Data excerpt below:

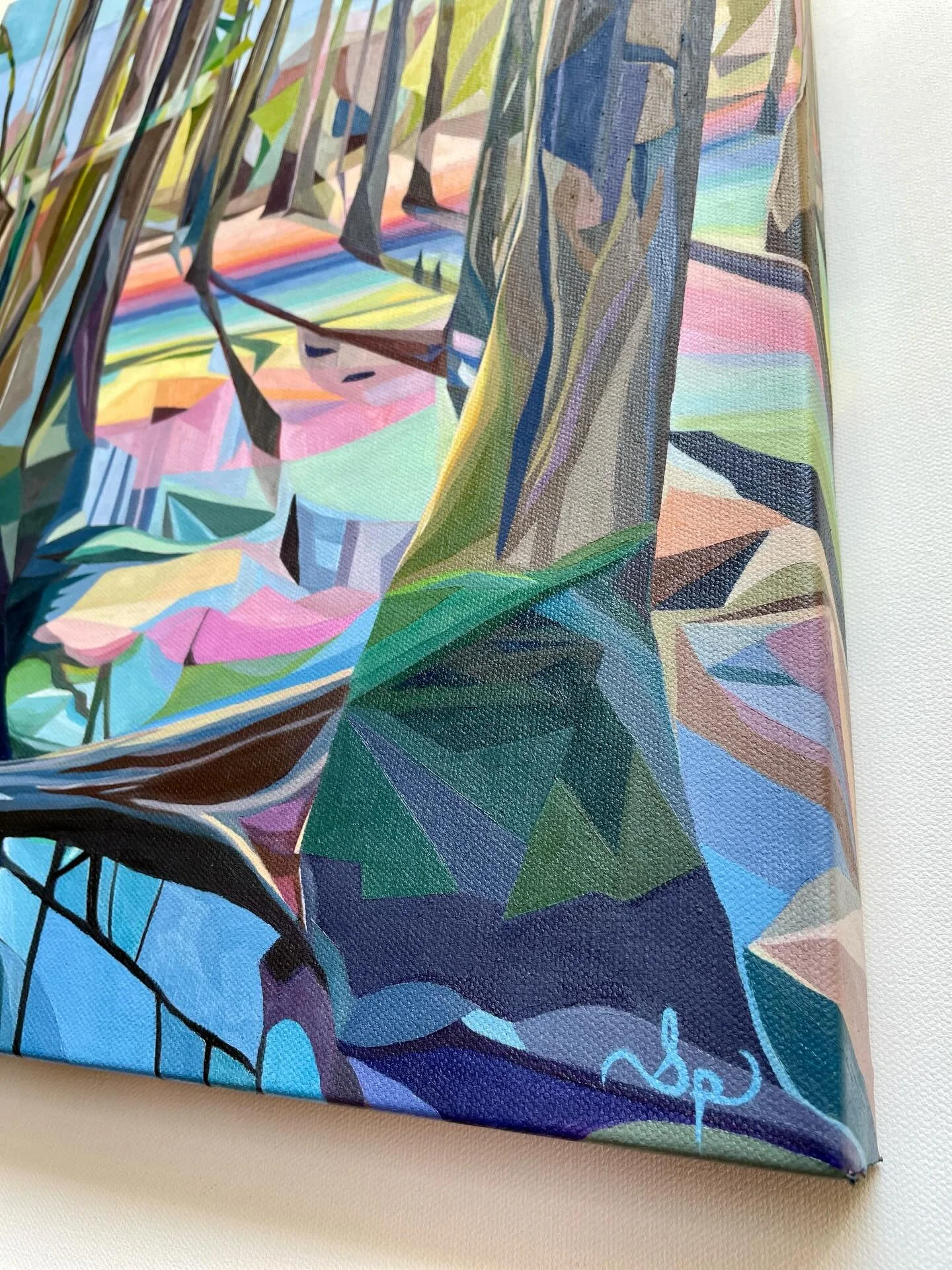 Signed. With this new painting, I&rsquo;m exploring a new level of detail in the wetlands of First Landing State Park, VA.
Oil on canvas 16x20&rdquo;

#artinprocess #vbarts #landscapeart #studioview #sedapoundstudio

End of Data excerpt.

▶ Task directions: Do not include the images; transcribe the rest of the listing exactly.

▶ Task response:
 Signed. With this new painting, I&rsquo;m exploring a new level of detail in the wetlands of First Landing State Park, VA.
Oil on canvas 16x20&rdquo;

#artinprocess #vbarts #landscapeart #studioview #sedapoundstudio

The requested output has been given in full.